# [HOW TO COMPLETE THIS TASK]
Start at the first line below and write out everything verbatim except the pictures.
::: DATASET ENTRIES :::
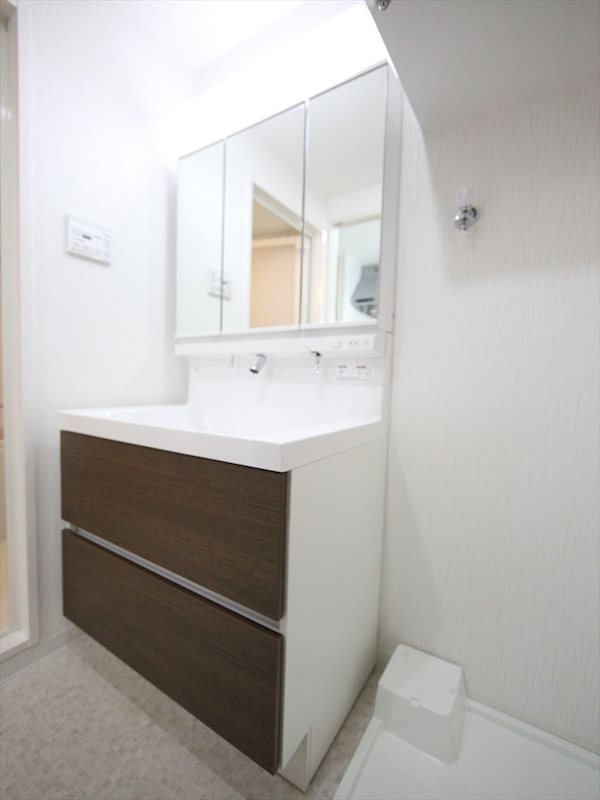 洗面設備　脱衣所　シャンプードレッサー　室内洗濯機置き場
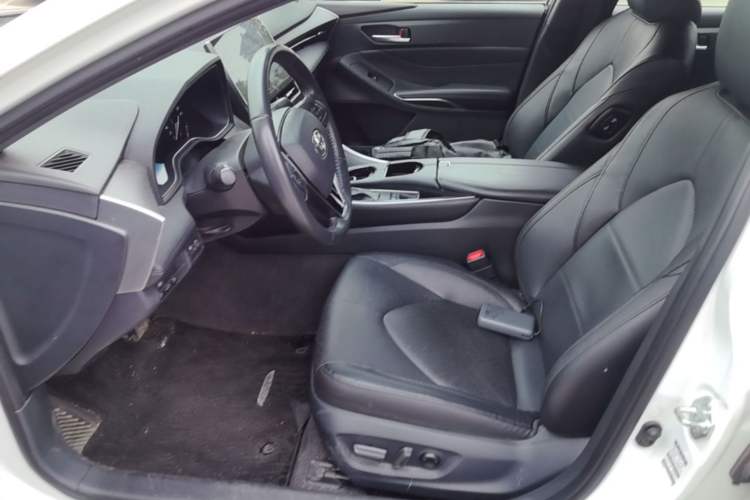 Used Toyota Avalon 2023 2.0L Luxury Edition Left Front Seat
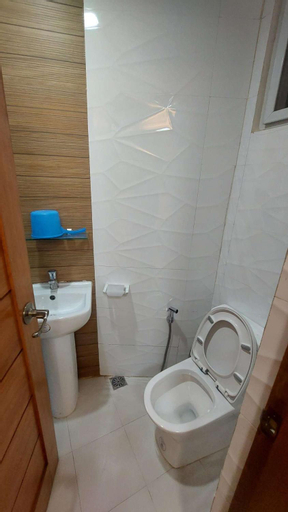 Bathroom 9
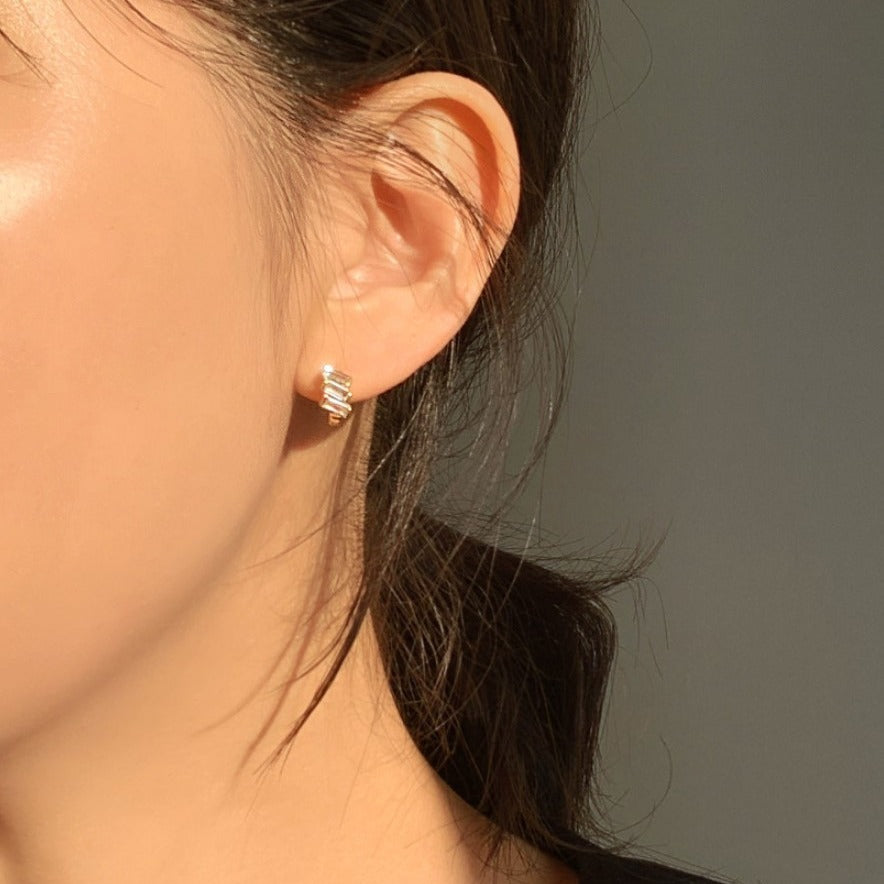 Pendientes minimalistas de plata de ley 925 con forma de gota de agua y incrustaciones de ópalo blanco para mujer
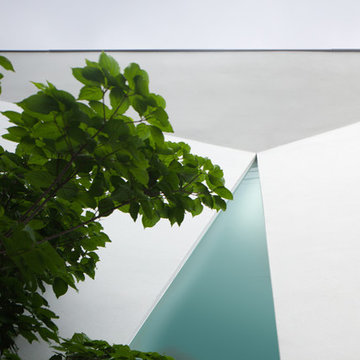 O3 HOUSE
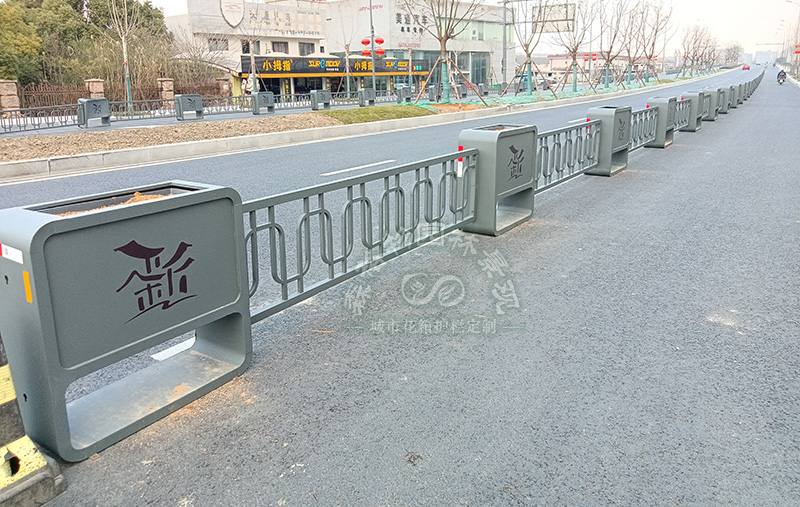 森格物不锈钢花箱护栏生产厂家,城市道路景观隔离花箱护栏供应 森格物不锈钢花箱护栏生产厂家,城市道路景观隔离花箱护栏供应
:::
# [REPLY]
 洗面設備　脱衣所　シャンプードレッサー　室内洗濯機置き場
 Used Toyota Avalon 2023 2.0L Luxury Edition Left Front Seat
 Bathroom 9
 Pendientes minimalistas de plata de ley 925 con forma de gota de agua y incrustaciones de ópalo blanco para mujer
 O3 HOUSE
 森格物不锈钢花箱护栏生产厂家,城市道路景观隔离花箱护栏供应 森格物不锈钢花箱护栏生产厂家,城市道路景观隔离花箱护栏供应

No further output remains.